Percutaneous collagen induction therapy, popularly known as dermarolling or microneedling, involves rolling a cylinder covered in tiny needles over your skin. The damage caused by the needles stimulates collagen production, and has been successfully used for treating scars, especially acne scarring, fine lines and wrinkles. It may sometimes be combined with radio frequency energy to create a greater effect. As a rule, the longer the needle, the greater the damage (and bleeding and pain…) and the greater the effect.
You can also have it done by a beautician, but make sure they’re experienced and have good hygiene practices – unclean rollers can spread infection.

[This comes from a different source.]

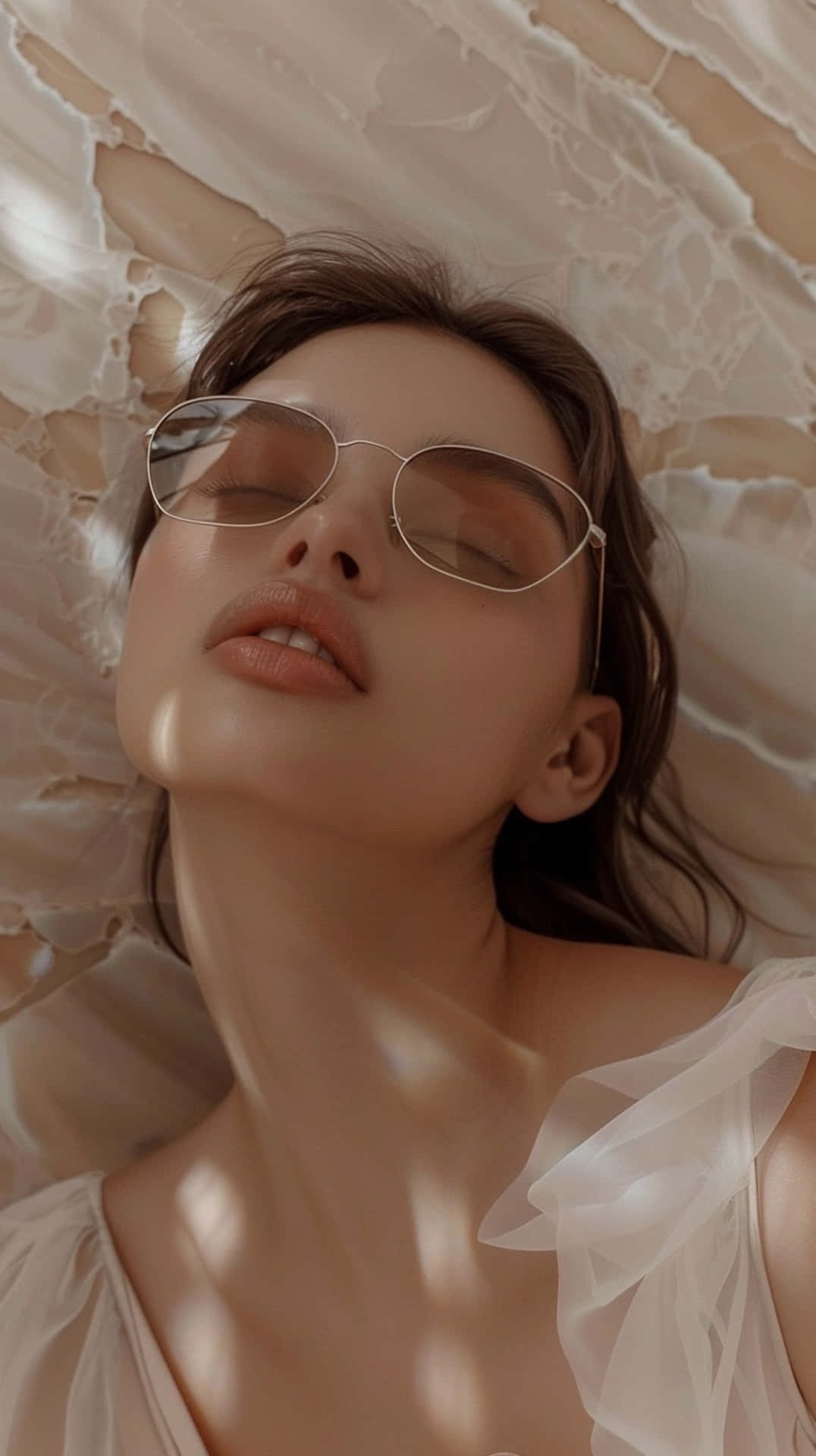 Clean Girl Aesthetic, serene beauty, thin-framed glasses, Full HD Phone Wallpaper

Dermatologists and cosmetic physicians offer microneedling with or without radiofrequency.
Not to be confused with dermabrasion (which is rarely used these days), microdermabrasion can be done at a salon or spa, and uses fine crystals to sand the face and remove dead skin cells. It may help reduce the appearance of fine lines and wrinkles, and improve skin texture, but don’t expect a major anti-ageing effect. There will probably be some redness and swelling for a few hours.
Do your research!
There are plenty of online reviews of these anti-ageing procedures. But take the reviews with a pinch of salt because results can be subjective, and some side effects or negative results may in fact be due to patient idiosyncrasies or level of expectation rather than the procedure itself, or may have been due to operator error or older technology.
Keep in mind also that some procedures take some time to have optimum effect; for example, the collagen-generating technologies that peak at about six months or so – reviews or pictures taken before then might not do the procedure justice. You can easily find before and after photos of the different treatments if you search online. With some it’s difficult to tell any difference, while with others the results are nothing short of miraculous – and may perhaps have had a little help from photo-editing software. Lighting, hair, makeup, clothing and facial expression can make a big difference too. Advertisers may choose to show some of the better outcomes, rather than typical outcomes.